In the Midwest, most corn and soybean producers in recent years have tended to secure some level of CRC or RA-HP policies for their crop insurance coverage rather than standard APH policies. Producers like the flexibility of the CRC and RA-HP policies that provide insurance coverage for reduced yields, as well as in instances where the harvest price drops below initial base price. In 2010, the APH policies and CRC or RA-HP policies will function similarly, with all losses being based on yield losses below guaranteed yields. The only difference will be that the payment rate that is used to calculate potential crop insurance indemnity payments in 2010.
The payment rate for APH policies is set at $3.90/bu. for corn and $9.15/bu. for soybeans, for every bushel that the harvest yield drops below the guaranteed yield. However, potential indemnity payments with CRC or RA-HP policies will be paid at a much higher rate for every bushel of yield below the guarantee yield. Final prices for CRC or RA-HP policies will not be finalized until later, but were estimated at $5.36/bu. for corn and $11.44/bu. for soybeans, as of Oct. 25, 2010.

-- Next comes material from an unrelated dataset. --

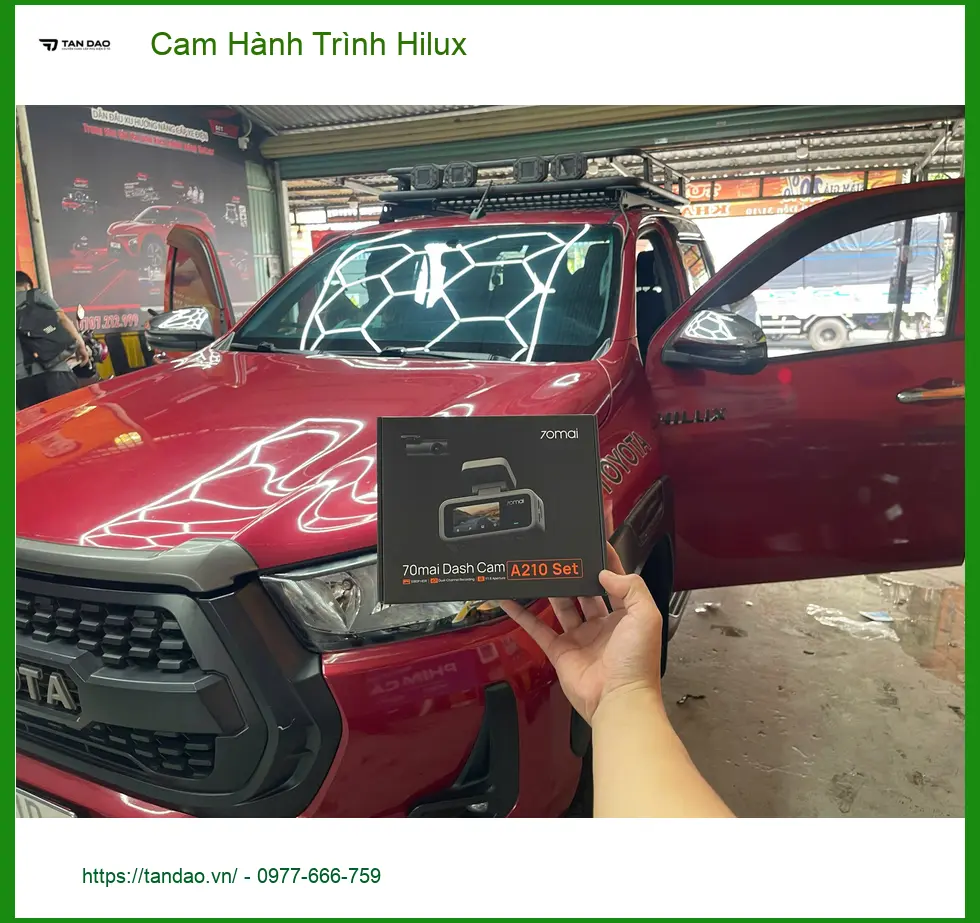 Anh Tấn lắp Camera Hành Trình Hilux tại Quận 12 uy tín, lắp nhanh ảnh thực tế 4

Corn and soybean producers have the option of selecting crop insurance policies ranging from 60% to 85% coverage levels. While 85% coverage levels are fairly common with APH policies, coverage levels of 70%, 75% and 80% are much more common with CRC or RA-HP insurance policies, due to more affordable premium costs. The level of insurance coverage can result in some producers receiving crop insurance indemnity payments, while other producers receive no indemnity payments, even though both producers had the same guarantee and the same final yield. For example, at a proven corn yield of 180 bu./acre, a producer with 85% coverage would have a 153-bu./acre guarantee, while a producer with 75% coverage would have a yield guarantee of 135 bu.